In the next R code, you will be getting a sense of why rounding off is justifiable in the context of data analysis.

mean(sample(1:6, 100, replace = TRUE))
mean(sample(1:6, 10000, replace = TRUE))
mean(sample(1:6, 1000000, replace = TRUE))

What do you notice is happening? Try to repeat these three commands multiple times. Get a sense of what is happening and try to express your answer to the question I posed at the beginning.

Simulating draws from a standard normal distribution

# 5 draws from a standard normal
x <- rnorm(5)
x
hist(x) ## stop here
mean(x)
var(x)

When you executed hist(x), do you see a bell-shape? Without running the code mean(x) and var(x), do you know more or less what results you will see? Can you confirm this? Repeat the whole exercise but this time increasing the number of draws.

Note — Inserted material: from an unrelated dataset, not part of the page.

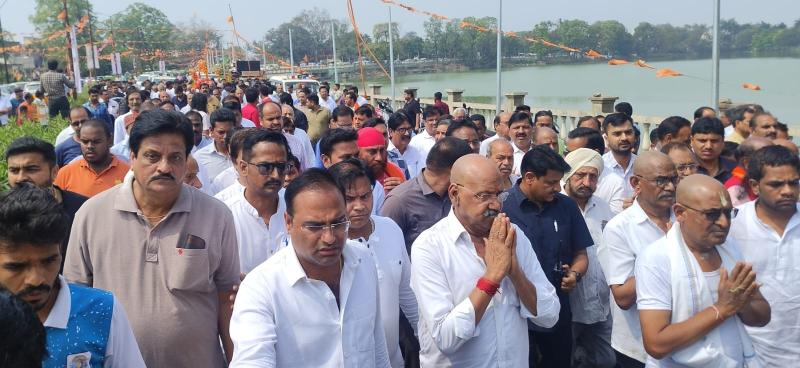 Pistachio Devi merged into Panchatatva, crowd gathered in the last journey of minister Brijmohan Agarwal's mother, wife of social worker Ramjilal Agarwal, mother of Gopal Agarwal, Brijmohan Agarwal, Vijay Agarwal, Yogesh and Yashwant Agarwal passed away, Raipur, Chhattisgarh, Khabargali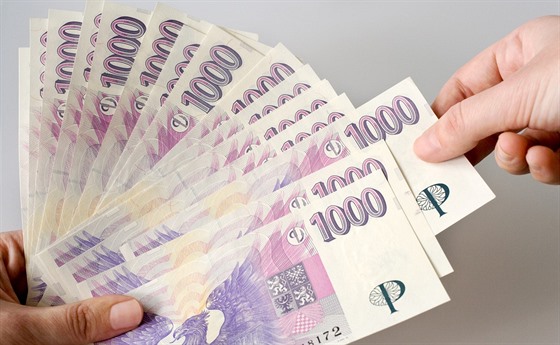 Píjmy z prodeje cenných papír nemusíte danit, pokud jejich úhrn nepesáhne 100 000 korun v daném roce. Ilustraní snímek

In Technical Exercise 3 of this exercise set, I reported the moments of the standard normal distribution. How would you modify the code provided to verify that \(\mathbb{E}\left(X^4\right)=3\)? Compare the number of draws you needed to verify \(\mathbb{E}\left(X\right)=0\) and the number of draws you needed to verify \(\mathbb{E}\left(X^4\right)=3\).

Why you have to be careful with R-squared

In the solutions to the Exercise Set 04, I noticed some students talking about the R-squared and making comparisons involving this quantity. Furthermore, I noticed some students running a regression without an intercept and coming to the conclusion that it gives “better results” because of the higher R-squareds. Here I try to show you why you should not make a big deal about R-squareds.

# A simulation to show issues regarding R-squared
# Number of replications
reps <- 10^3
# Container for storing R-squareds
r2 <- numeric(reps)
adj.r2 <- numeric(reps)
# The number of observations for each simulated/artificial dataset
num.obs <- 100
# The number of columns of X excluding the column of ones
num.vars <- 50
for (i in 1: reps)
{
  y <- rbinom(num.obs, 1, 0.5)
  x <- matrix(rbinom(num.obs*num.vars, 1, 0.5), nrow = num.obs)
  dat <- data.frame(cbind(y, x)) 
  temp <- summary(lm(y ~ x , data = dat))
  r2[i] <- temp$r.squared # Record R-squared
  adj.r2[i] <- temp$adj.r.squared # Record R-squared
}
par(mfrow = c(1, 2))
hist(r2)
hist(adj.r2)

Try to execute this simulation to give you a sense of the behavior of R-squared and adjusted R-squared.

  1. What do you expect R-squared will be in this simulation? Look at how y and the x’s are generated.
  2. What do you notice from the histograms?
  3. Increase num.vars to 50. Repeat the simulation. What do you notice?
  4. Try modifying the code so that you are running a regression without an intercept.
  5. Do you now understand the limitations of the phrase “goodness of fit”?

Another resource which I wanted to share with you is this blog entry. I think at this stage, you should be able to comfortably read the R code in the blog entry. There are some new commands, but I think you could handle it at this stage.

Correlation vs interaction

I have noticed in the solutions statements to the following effect: Because the regressors are strongly correlated, we should put an interaction term. Here you will be exploring this statement more critically.

x1 <- rbinom(5, 1, 0.5)
x2 <- 1 - x1
  1. Without doing any calculations, can you guess the correlation coefficient between x1 and x2?
  2. Use R to calculate the correlation coefficient.
  3. What do you think will happen if you introduce an interaction term x1:x2 and include it as part of your regressors in the lm() command?

Simulating draws from a container

In Technical Exercise 1, you encountered a container with 5 ping-pong balls. You are going to simulate draws from this container.

# Outcome of one draw
x <- sample(c(1, 2, 2, 4, 6), 1, replace = TRUE)
x

Modify the code above so that you are able to check using simulation whether your calculated values for \(\mathbb{E}\left(Y\right)\) and \(\mathsf{Var}\left(Y\right)\) are roughly correct?

What you will be expected to do

You will be submitting to my email a zip file (not rar, not 7z) with filename surname_exset06.zip, replacing surname with your actual surname, and making sure it contains scanned PDF solutions to the technical exercises (do be mindful of the size of the file, keep under 15 MB if possible) with filename surname_tech06.pdf.